EXTRACTED DATA:

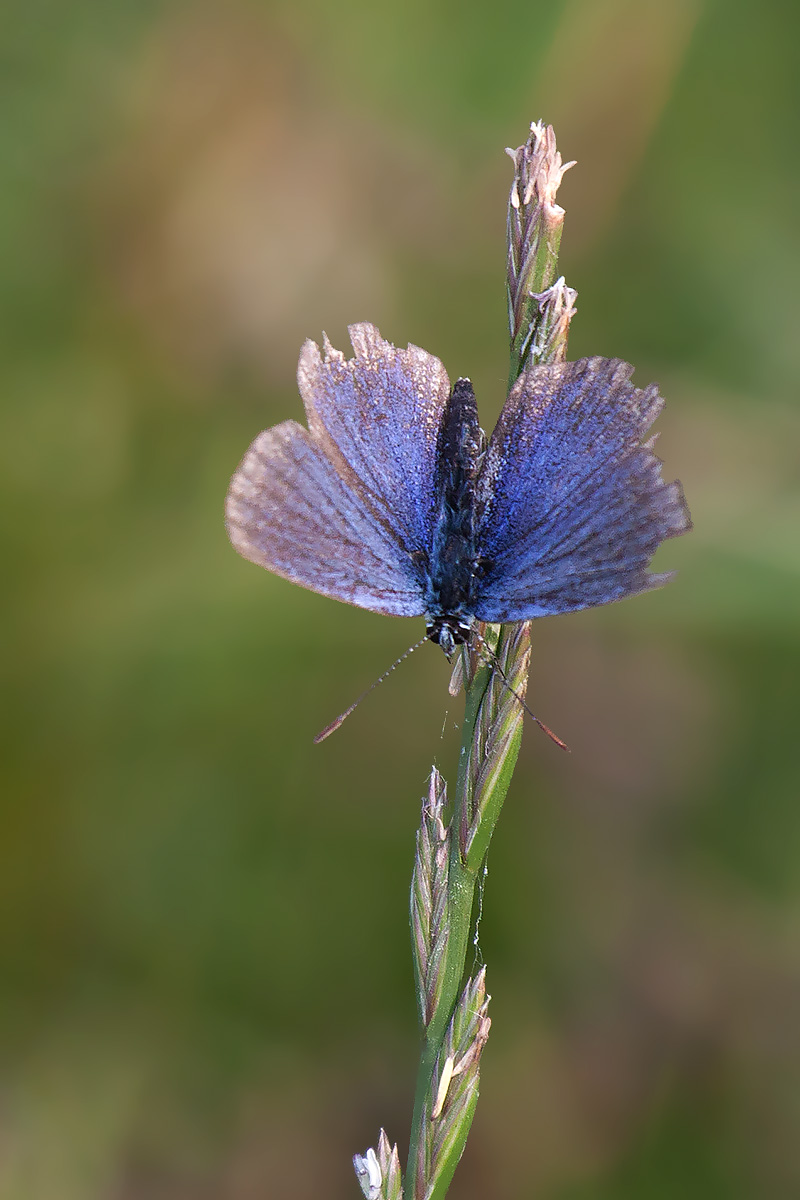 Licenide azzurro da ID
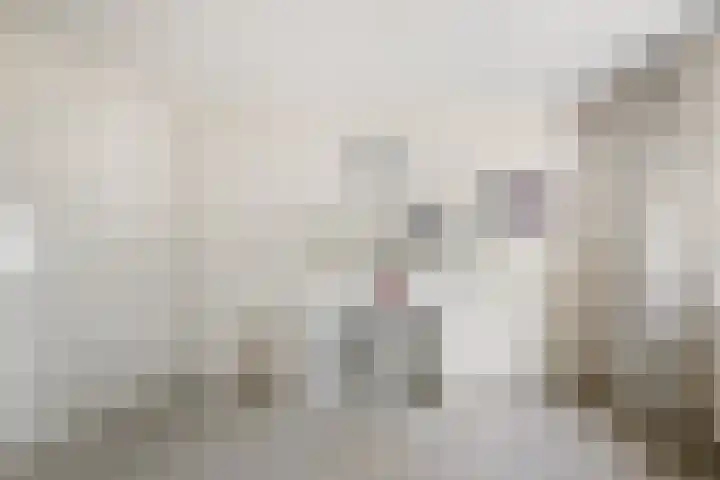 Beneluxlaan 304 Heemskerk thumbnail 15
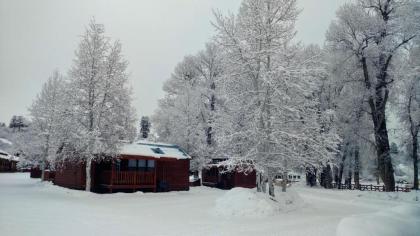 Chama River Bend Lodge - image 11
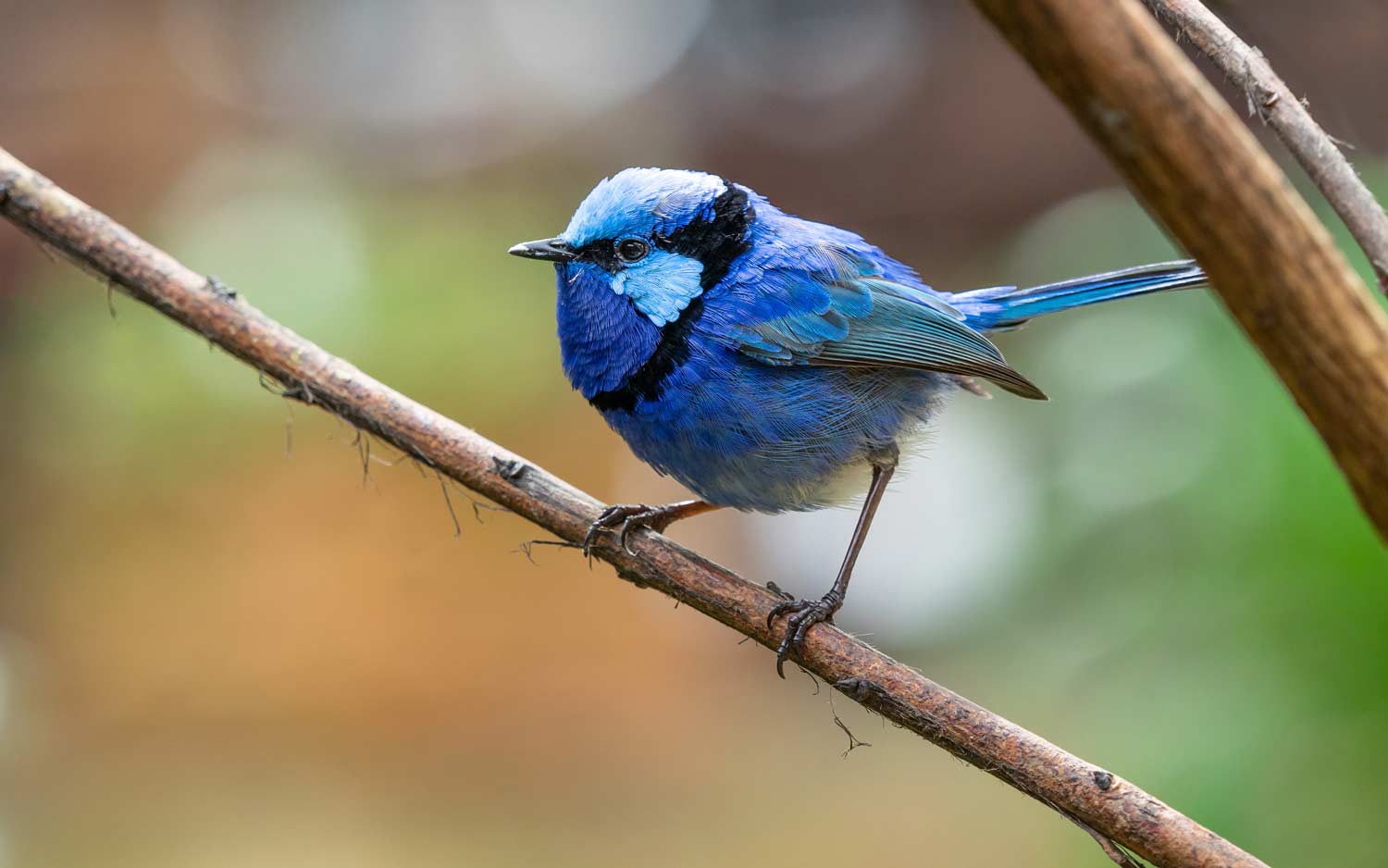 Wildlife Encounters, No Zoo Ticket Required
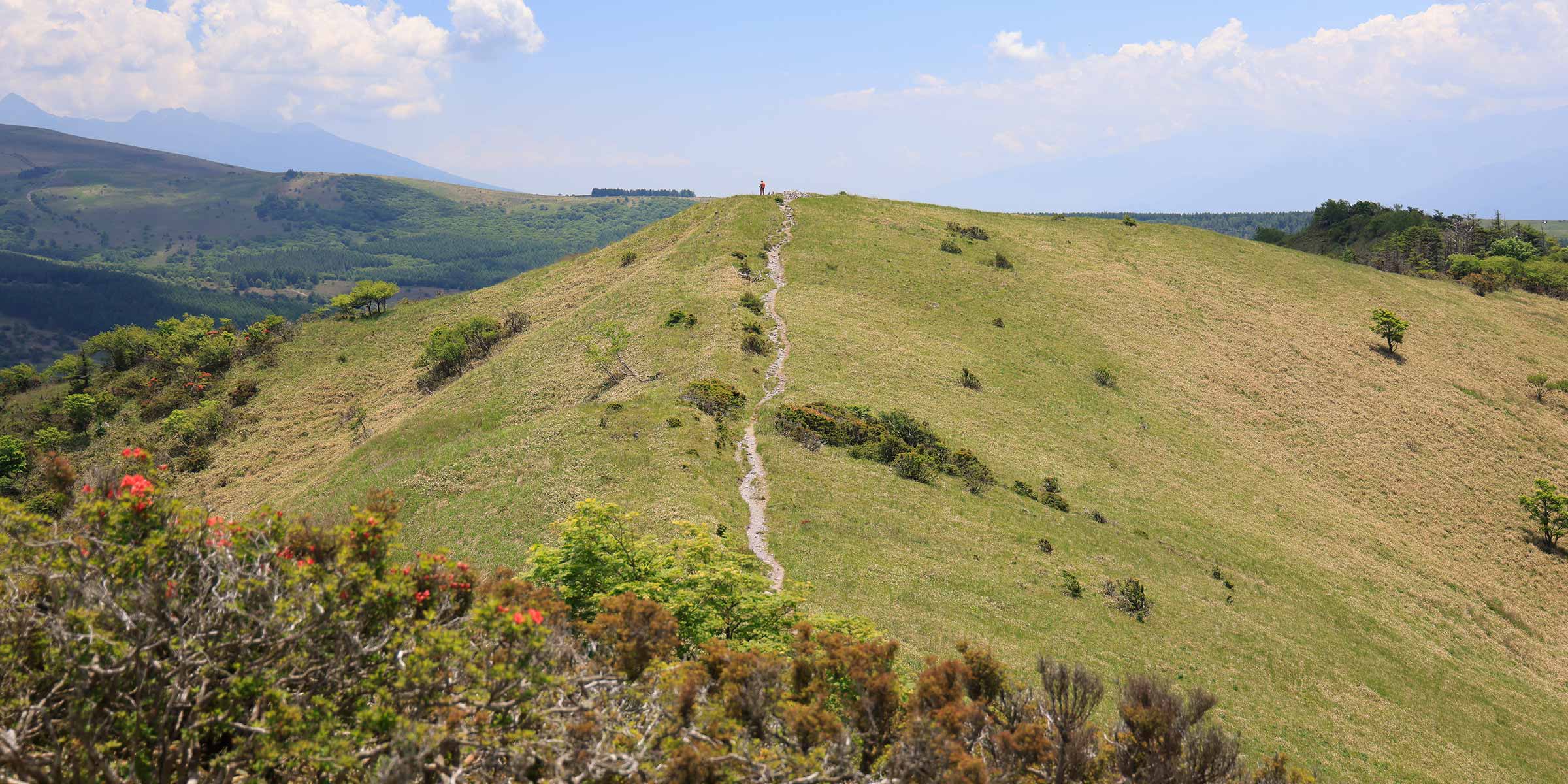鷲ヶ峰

PROBLEM TO SOLVE:
Your answer must be an exact copy of the entries above, with no pictures in it.

ANSWER:
 Licenide azzurro da ID
 Beneluxlaan 304 Heemskerk thumbnail 15
 Chama River Bend Lodge - image 11
 Wildlife Encounters, No Zoo Ticket Required
鷲ヶ峰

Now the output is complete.